--- Exercise inputs Enclosed Below ---

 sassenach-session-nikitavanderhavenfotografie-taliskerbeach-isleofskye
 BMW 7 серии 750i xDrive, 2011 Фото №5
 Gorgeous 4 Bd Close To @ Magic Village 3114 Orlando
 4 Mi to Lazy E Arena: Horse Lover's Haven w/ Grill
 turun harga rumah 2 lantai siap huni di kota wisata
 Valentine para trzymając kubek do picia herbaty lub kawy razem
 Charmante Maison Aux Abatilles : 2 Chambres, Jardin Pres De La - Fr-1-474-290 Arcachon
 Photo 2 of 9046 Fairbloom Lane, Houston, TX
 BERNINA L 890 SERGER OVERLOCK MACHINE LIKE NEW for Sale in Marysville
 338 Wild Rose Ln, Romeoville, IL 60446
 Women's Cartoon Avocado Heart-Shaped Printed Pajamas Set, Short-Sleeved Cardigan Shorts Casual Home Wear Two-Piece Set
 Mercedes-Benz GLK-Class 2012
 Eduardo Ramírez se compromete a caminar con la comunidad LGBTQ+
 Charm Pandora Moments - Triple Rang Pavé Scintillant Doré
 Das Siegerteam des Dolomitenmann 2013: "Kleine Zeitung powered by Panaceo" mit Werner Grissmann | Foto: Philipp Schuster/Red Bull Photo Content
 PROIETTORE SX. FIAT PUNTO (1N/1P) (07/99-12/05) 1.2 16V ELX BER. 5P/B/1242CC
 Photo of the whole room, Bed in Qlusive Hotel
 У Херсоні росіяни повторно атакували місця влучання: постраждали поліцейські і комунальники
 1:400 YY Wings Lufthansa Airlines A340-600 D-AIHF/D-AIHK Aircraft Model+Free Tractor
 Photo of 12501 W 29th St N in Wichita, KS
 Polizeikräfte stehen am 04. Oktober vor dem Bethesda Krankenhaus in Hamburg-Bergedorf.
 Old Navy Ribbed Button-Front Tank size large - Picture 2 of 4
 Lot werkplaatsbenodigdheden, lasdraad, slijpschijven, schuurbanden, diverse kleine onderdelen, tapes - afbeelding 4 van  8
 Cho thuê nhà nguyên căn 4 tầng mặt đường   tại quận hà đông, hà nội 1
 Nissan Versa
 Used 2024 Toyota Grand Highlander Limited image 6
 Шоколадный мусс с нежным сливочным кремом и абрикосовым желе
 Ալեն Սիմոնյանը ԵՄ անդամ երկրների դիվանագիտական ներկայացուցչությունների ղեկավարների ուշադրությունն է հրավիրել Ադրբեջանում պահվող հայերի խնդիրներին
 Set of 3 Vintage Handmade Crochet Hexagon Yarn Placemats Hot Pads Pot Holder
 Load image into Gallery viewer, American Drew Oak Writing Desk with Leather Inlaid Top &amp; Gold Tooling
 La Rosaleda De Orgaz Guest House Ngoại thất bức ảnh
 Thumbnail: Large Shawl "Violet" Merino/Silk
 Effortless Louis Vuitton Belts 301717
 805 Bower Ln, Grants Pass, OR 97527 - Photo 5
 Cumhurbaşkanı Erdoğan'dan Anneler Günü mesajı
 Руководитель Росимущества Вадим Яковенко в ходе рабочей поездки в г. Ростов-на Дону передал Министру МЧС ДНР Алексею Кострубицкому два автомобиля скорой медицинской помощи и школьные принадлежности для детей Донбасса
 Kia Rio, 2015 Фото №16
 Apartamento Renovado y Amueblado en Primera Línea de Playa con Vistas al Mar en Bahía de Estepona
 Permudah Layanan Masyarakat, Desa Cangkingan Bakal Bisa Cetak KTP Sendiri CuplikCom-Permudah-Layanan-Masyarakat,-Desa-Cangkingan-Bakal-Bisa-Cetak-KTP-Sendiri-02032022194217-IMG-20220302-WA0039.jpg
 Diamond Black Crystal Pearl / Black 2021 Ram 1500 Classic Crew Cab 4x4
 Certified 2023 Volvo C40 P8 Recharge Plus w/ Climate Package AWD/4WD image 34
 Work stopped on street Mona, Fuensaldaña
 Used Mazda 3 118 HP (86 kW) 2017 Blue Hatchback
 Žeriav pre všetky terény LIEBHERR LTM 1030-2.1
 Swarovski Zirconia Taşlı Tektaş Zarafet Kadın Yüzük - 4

--- End of Enclosed Exercise inputs ---

### Try it
Write the material out once more, exactly.

### Reply
 sassenach-session-nikitavanderhavenfotografie-taliskerbeach-isleofskye
 BMW 7 серии 750i xDrive, 2011 Фото №5
 Gorgeous 4 Bd Close To @ Magic Village 3114 Orlando
 4 Mi to Lazy E Arena: Horse Lover's Haven w/ Grill
 turun harga rumah 2 lantai siap huni di kota wisata
 Valentine para trzymając kubek do picia herbaty lub kawy razem
 Charmante Maison Aux Abatilles : 2 Chambres, Jardin Pres De La - Fr-1-474-290 Arcachon
 Photo 2 of 9046 Fairbloom Lane, Houston, TX
 BERNINA L 890 SERGER OVERLOCK MACHINE LIKE NEW for Sale in Marysville
 338 Wild Rose Ln, Romeoville, IL 60446
 Women's Cartoon Avocado Heart-Shaped Printed Pajamas Set, Short-Sleeved Cardigan Shorts Casual Home Wear Two-Piece Set
 Mercedes-Benz GLK-Class 2012
 Eduardo Ramírez se compromete a caminar con la comunidad LGBTQ+
 Charm Pandora Moments - Triple Rang Pavé Scintillant Doré
 Das Siegerteam des Dolomitenmann 2013: "Kleine Zeitung powered by Panaceo" mit Werner Grissmann | Foto: Philipp Schuster/Red Bull Photo Content
 PROIETTORE SX. FIAT PUNTO (1N/1P) (07/99-12/05) 1.2 16V ELX BER. 5P/B/1242CC
 Photo of the whole room, Bed in Qlusive Hotel
 У Херсоні росіяни повторно атакували місця влучання: постраждали поліцейські і комунальники
 1:400 YY Wings Lufthansa Airlines A340-600 D-AIHF/D-AIHK Aircraft Model+Free Tractor
 Photo of 12501 W 29th St N in Wichita, KS
 Polizeikräfte stehen am 04. Oktober vor dem Bethesda Krankenhaus in Hamburg-Bergedorf.
 Old Navy Ribbed Button-Front Tank size large - Picture 2 of 4
 Lot werkplaatsbenodigdheden, lasdraad, slijpschijven, schuurbanden, diverse kleine onderdelen, tapes - afbeelding 4 van  8
 Cho thuê nhà nguyên căn 4 tầng mặt đường   tại quận hà đông, hà nội 1
 Nissan Versa
 Used 2024 Toyota Grand Highlander Limited image 6
 Шоколадный мусс с нежным сливочным кремом и абрикосовым желе
 Ալեն Սիմոնյանը ԵՄ անդամ երկրների դիվանագիտական ներկայացուցչությունների ղեկավարների ուշադրությունն է հրավիրել Ադրբեջանում պահվող հայերի խնդիրներին
 Set of 3 Vintage Handmade Crochet Hexagon Yarn Placemats Hot Pads Pot Holder
 Load image into Gallery viewer, American Drew Oak Writing Desk with Leather Inlaid Top &amp; Gold Tooling
 La Rosaleda De Orgaz Guest House Ngoại thất bức ảnh
 Thumbnail: Large Shawl "Violet" Merino/Silk
 Effortless Louis Vuitton Belts 301717
 805 Bower Ln, Grants Pass, OR 97527 - Photo 5
 Cumhurbaşkanı Erdoğan'dan Anneler Günü mesajı
 Руководитель Росимущества Вадим Яковенко в ходе рабочей поездки в г. Ростов-на Дону передал Министру МЧС ДНР Алексею Кострубицкому два автомобиля скорой медицинской помощи и школьные принадлежности для детей Донбасса
 Kia Rio, 2015 Фото №16
 Apartamento Renovado y Amueblado en Primera Línea de Playa con Vistas al Mar en Bahía de Estepona
 Permudah Layanan Masyarakat, Desa Cangkingan Bakal Bisa Cetak KTP Sendiri CuplikCom-Permudah-Layanan-Masyarakat,-Desa-Cangkingan-Bakal-Bisa-Cetak-KTP-Sendiri-02032022194217-IMG-20220302-WA0039.jpg
 Diamond Black Crystal Pearl / Black 2021 Ram 1500 Classic Crew Cab 4x4
 Certified 2023 Volvo C40 P8 Recharge Plus w/ Climate Package AWD/4WD image 34
 Work stopped on street Mona, Fuensaldaña
 Used Mazda 3 118 HP (86 kW) 2017 Blue Hatchback
 Žeriav pre všetky terény LIEBHERR LTM 1030-2.1
 Swarovski Zirconia Taşlı Tektaş Zarafet Kadın Yüzük - 4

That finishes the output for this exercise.